En zazen, pendant le zazen, il n’y a plus ni bonheur ni malheur. On se trouve spontanément par-delà. On expérimente, sans l’avoir cherché, cette situation qui est suprêmement positive, puisqu’elle transcende l’opposition positif-négatif ; on est sorti du cercle fermé ou l’opposition bonheur-malheur, bien-mal, vous obligeait à tourner en rond, cet état, transcendant le relatif, est donc en soi absolu. Et l’on s’y trouve, non plus par un acte volontaire, mais bien automatiquement. La volonté ne peut y aspirer par elle-même, puisqu’elle reste soumise à l’alternance, du fait même qu’elle est activité, action, intervention, elle ne peut jouer un rôle que dans le préalable : prendre la posture et s’y tenir. La posture, une fois acquise, c’est elle, et elle seule, qui agit en rééquilibrant le corps, lequel retrouve alors de lui-même son état naturel, sa disposition primitive.

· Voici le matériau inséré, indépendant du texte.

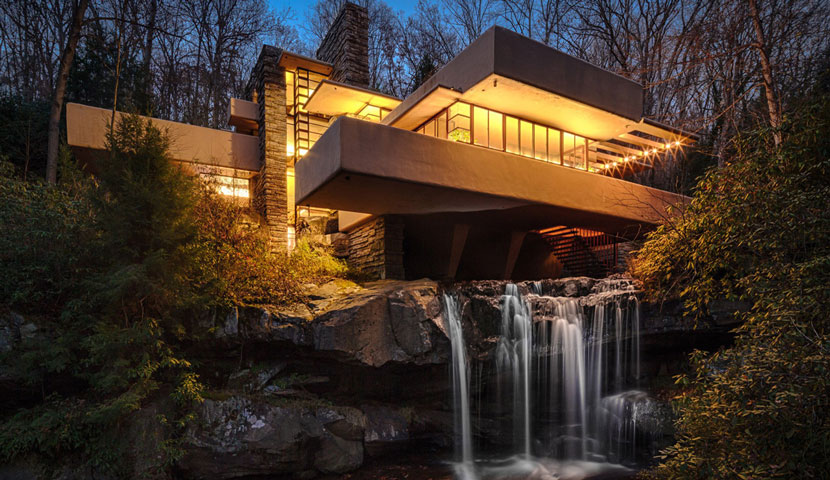 طراحی نمای مدرن خانه آبشار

(Revue Question De. No 48. Juillet-Août 1982)

Extrait du livre de Jacques Brosse (1922-2008) : Satori (rééd. Albin Michel) sur son expérience vécue auprès de Maître Deshimaru. Dans ce livre l’auteur tient un journal précis de ses deux premières années de pratique : s’y incluent les réflexions de l’observateur et du méditant.

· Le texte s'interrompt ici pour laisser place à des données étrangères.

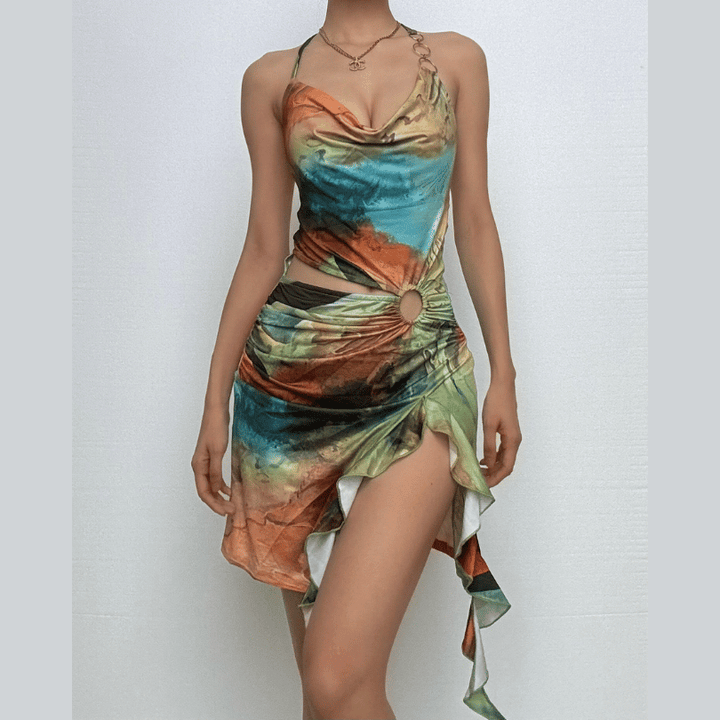 Halter print cowl neck o ring ruffle mini dress-final-sale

Maintenant, je comprends pourquoi les hommes se disent malheureux. Ils ont peur en s’avouant heureux d’attirer le malheur. Eh bien, finalement, ils ont raison, car l’un ne va pas sans l’autre — après la pluie, le beau temps —, demander ou même espérer le bonheur, c’est appeler en même temps le malheur, comme l’indique d’ailleurs l’étymologie.

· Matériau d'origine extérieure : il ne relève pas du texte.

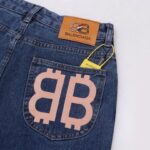 Jeans Balenciaga BB Logo Blue BL045 - Image 5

Car heur signifie chance, donc quelque chose qui ne dépend — apparemment — pas de vous, qui vient de l’extérieur, mais étymologiquement, c’est aussi quelque chose qu’on peut faire croître, qu’on peut augmenter, puisque le mot provient de la même racine aug.

Autrement dit, heur est le produit des circonstances, du hasard, du destin et de la manière avec laquelle on y réagit, de ce qu’on en fait, bien ou mal, bonheur ou malheur. Le couple bonheur-malheur est de ce fait constamment instable et changeant, il représente l’état d’incertitude, d’insécurité permanentes dans lequel nous vivons.

Se délivrer

Mais, puisqu’on peut ainsi le formuler, il doit nécessairement exister un état supérieur, non dualiste et permanent, auquel se réfère cette impermanence douloureuse, un point fixe situé par-delà. Ce sommet, auquel tous semblent aspirer, mais qu’atteint seulement le sage, c’est lui que définissent les mots de félicité, de béatitude (la félicité éternelle, la béatitude des élus), auxquels correspond en sanscrit ananda, statut divin, non déterminé, non conditionné, non dépendant, caractéristique de l’Être pur, lequel n’est plus qu’Être-Conscience-Béatitude (Sat-Chit-Ananda), expression dont les éléments sont non seulement liés, mais indissolubles et discernables du seul point de vue humain.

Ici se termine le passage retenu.